Collected data:
-- -- --

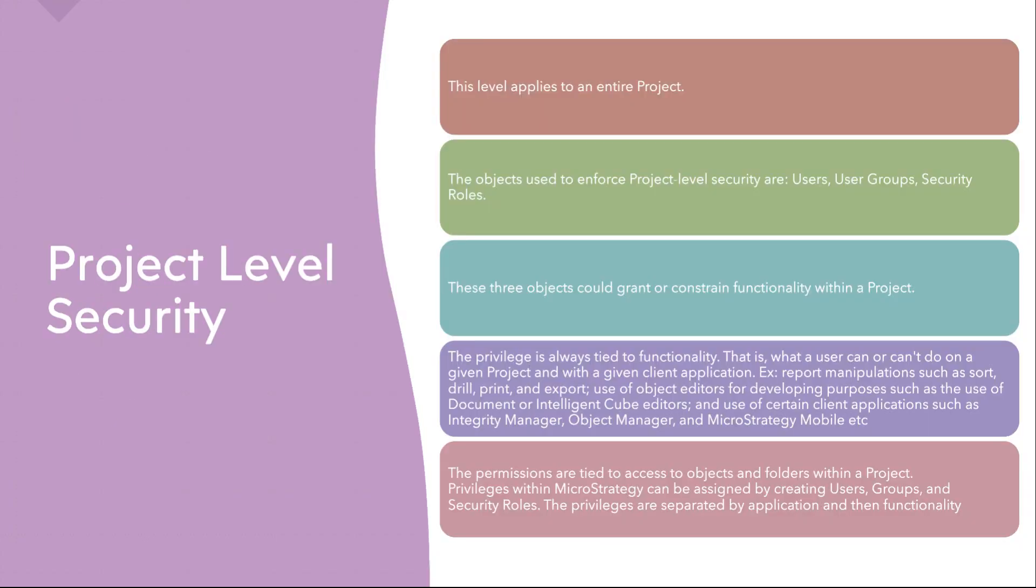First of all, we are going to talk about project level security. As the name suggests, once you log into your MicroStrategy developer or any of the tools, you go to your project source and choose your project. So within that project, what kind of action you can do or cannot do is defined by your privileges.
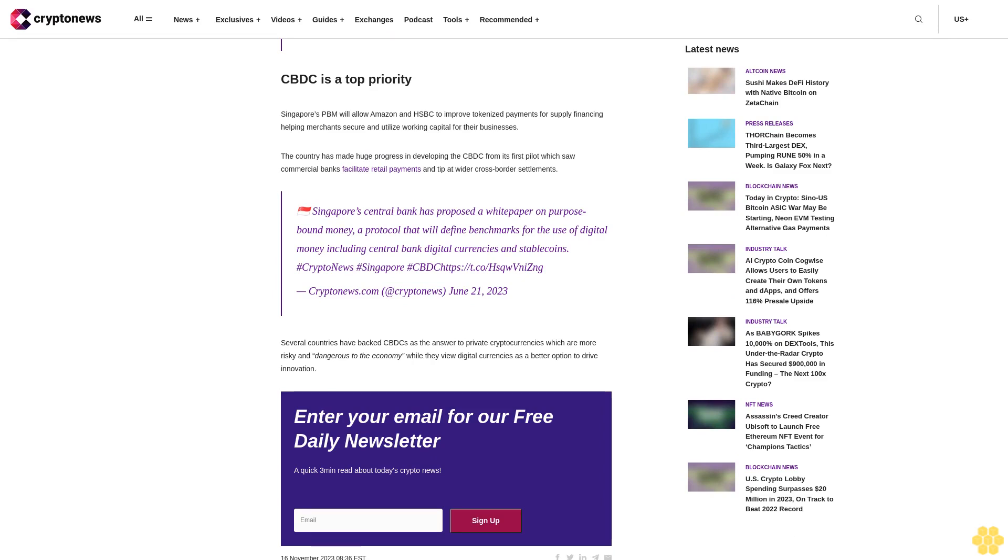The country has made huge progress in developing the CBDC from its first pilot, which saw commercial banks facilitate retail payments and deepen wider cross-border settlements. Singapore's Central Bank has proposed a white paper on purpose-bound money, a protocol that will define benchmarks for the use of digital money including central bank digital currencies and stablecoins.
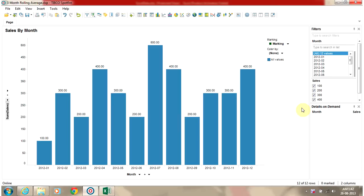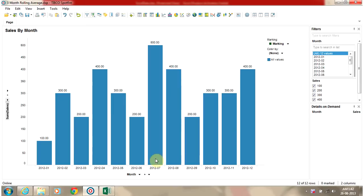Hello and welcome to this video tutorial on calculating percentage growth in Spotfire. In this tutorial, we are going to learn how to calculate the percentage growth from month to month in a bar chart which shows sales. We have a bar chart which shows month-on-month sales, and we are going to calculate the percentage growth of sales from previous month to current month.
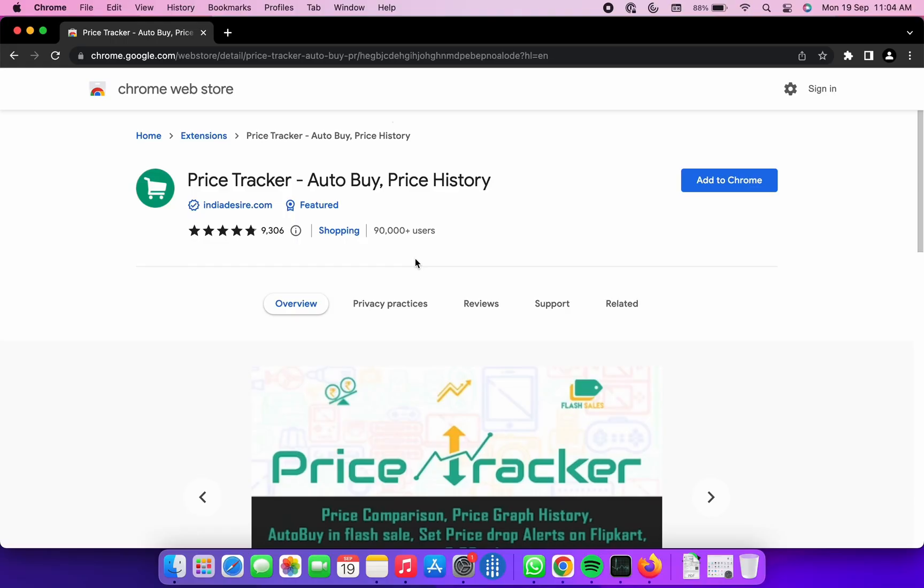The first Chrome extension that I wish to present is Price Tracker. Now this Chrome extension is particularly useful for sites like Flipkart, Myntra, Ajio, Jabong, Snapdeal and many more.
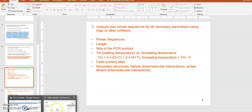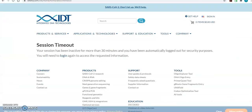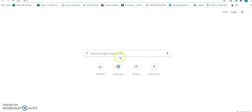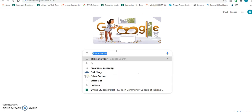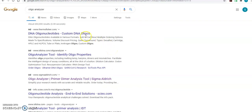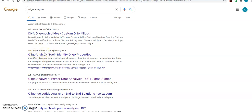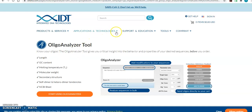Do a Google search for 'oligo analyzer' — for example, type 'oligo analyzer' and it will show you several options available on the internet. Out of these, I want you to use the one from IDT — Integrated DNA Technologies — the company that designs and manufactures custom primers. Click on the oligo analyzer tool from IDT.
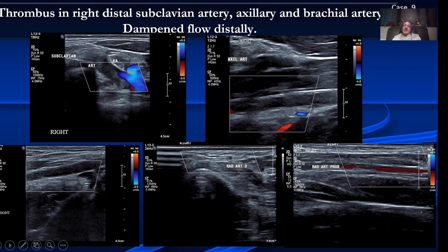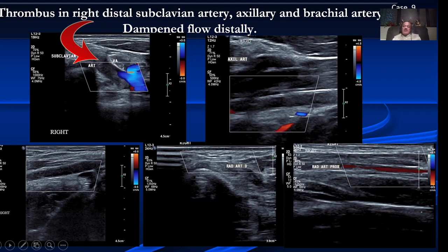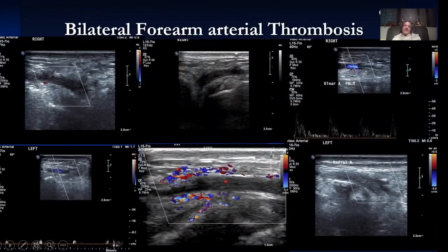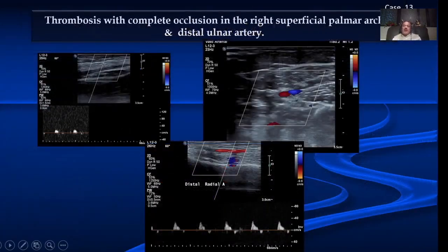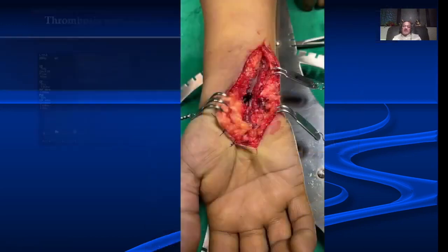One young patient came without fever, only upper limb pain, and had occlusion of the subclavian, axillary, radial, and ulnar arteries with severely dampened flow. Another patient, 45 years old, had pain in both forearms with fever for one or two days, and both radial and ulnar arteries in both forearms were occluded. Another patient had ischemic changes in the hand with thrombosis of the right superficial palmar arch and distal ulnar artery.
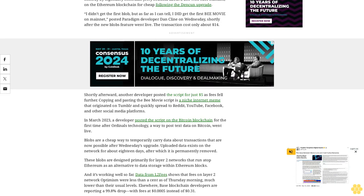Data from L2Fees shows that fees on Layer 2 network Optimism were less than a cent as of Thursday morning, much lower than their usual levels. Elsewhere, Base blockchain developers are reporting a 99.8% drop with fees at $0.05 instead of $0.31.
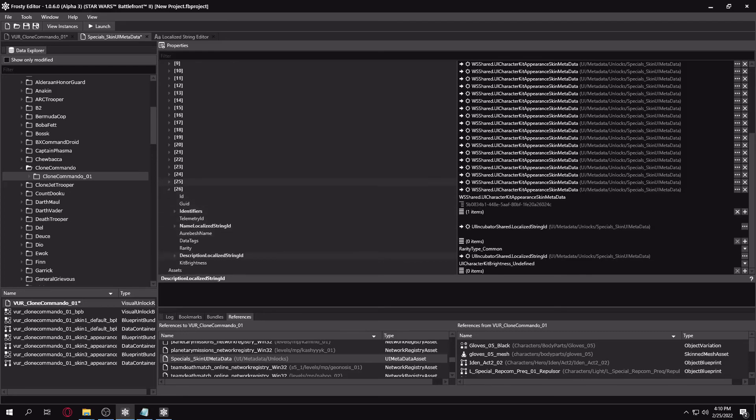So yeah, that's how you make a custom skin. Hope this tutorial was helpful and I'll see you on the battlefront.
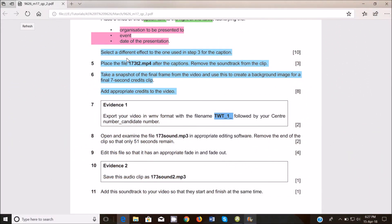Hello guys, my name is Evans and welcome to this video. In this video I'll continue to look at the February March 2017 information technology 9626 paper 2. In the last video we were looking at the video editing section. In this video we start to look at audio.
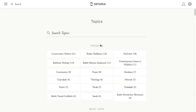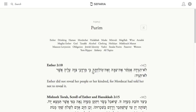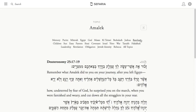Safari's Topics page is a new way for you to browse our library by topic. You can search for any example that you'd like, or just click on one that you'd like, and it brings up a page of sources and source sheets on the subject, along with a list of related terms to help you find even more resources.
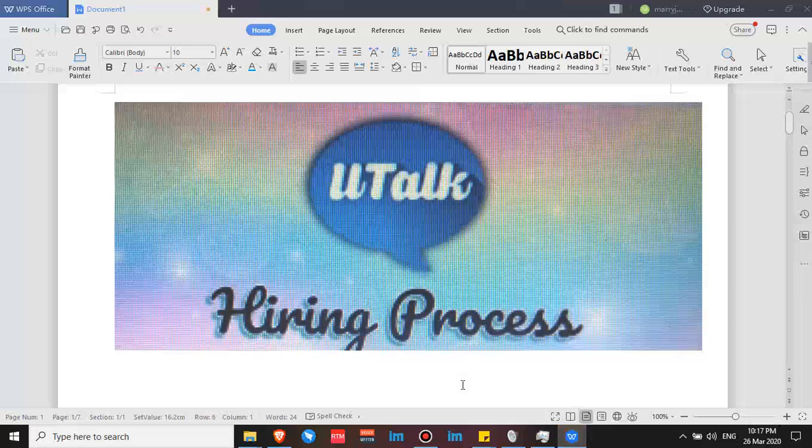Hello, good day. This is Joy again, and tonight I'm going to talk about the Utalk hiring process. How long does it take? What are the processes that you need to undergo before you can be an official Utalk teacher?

-- -- --

TASK STATEMENT:
The records must come back exactly, with their pictures removed.

ANSWER SPACE:
First of all, we are going to talk about project level security. As the name suggests, once you log into your MicroStrategy developer or any of the tools, you go to your project source and choose your project. So within that project, what kind of action you can do or cannot do is defined by your privileges.
The country has made huge progress in developing the CBDC from its first pilot, which saw commercial banks facilitate retail payments and deepen wider cross-border settlements. Singapore's Central Bank has proposed a white paper on purpose-bound money, a protocol that will define benchmarks for the use of digital money including central bank digital currencies and stablecoins.
Hello and welcome to this video tutorial on calculating percentage growth in Spotfire. In this tutorial, we are going to learn how to calculate the percentage growth from month to month in a bar chart which shows sales. We have a bar chart which shows month-on-month sales, and we are going to calculate the percentage growth of sales from previous month to current month.
The first Chrome extension that I wish to present is Price Tracker. Now this Chrome extension is particularly useful for sites like Flipkart, Myntra, Ajio, Jabong, Snapdeal and many more.
Do a Google search for 'oligo analyzer' — for example, type 'oligo analyzer' and it will show you several options available on the internet. Out of these, I want you to use the one from IDT — Integrated DNA Technologies — the company that designs and manufactures custom primers. Click on the oligo analyzer tool from IDT.
One young patient came without fever, only upper limb pain, and had occlusion of the subclavian, axillary, radial, and ulnar arteries with severely dampened flow. Another patient, 45 years old, had pain in both forearms with fever for one or two days, and both radial and ulnar arteries in both forearms were occluded. Another patient had ischemic changes in the hand with thrombosis of the right superficial palmar arch and distal ulnar artery.
Data from L2Fees shows that fees on Layer 2 network Optimism were less than a cent as of Thursday morning, much lower than their usual levels. Elsewhere, Base blockchain developers are reporting a 99.8% drop with fees at $0.05 instead of $0.31.
So yeah, that's how you make a custom skin. Hope this tutorial was helpful and I'll see you on the battlefront.
Hello guys, my name is Evans and welcome to this video. In this video I'll continue to look at the February March 2017 information technology 9626 paper 2. In the last video we were looking at the video editing section. In this video we start to look at audio.
Safari's Topics page is a new way for you to browse our library by topic. You can search for any example that you'd like, or just click on one that you'd like, and it brings up a page of sources and source sheets on the subject, along with a list of related terms to help you find even more resources.
Hello, good day. This is Joy again, and tonight I'm going to talk about the Utalk hiring process. How long does it take? What are the processes that you need to undergo before you can be an official Utalk teacher?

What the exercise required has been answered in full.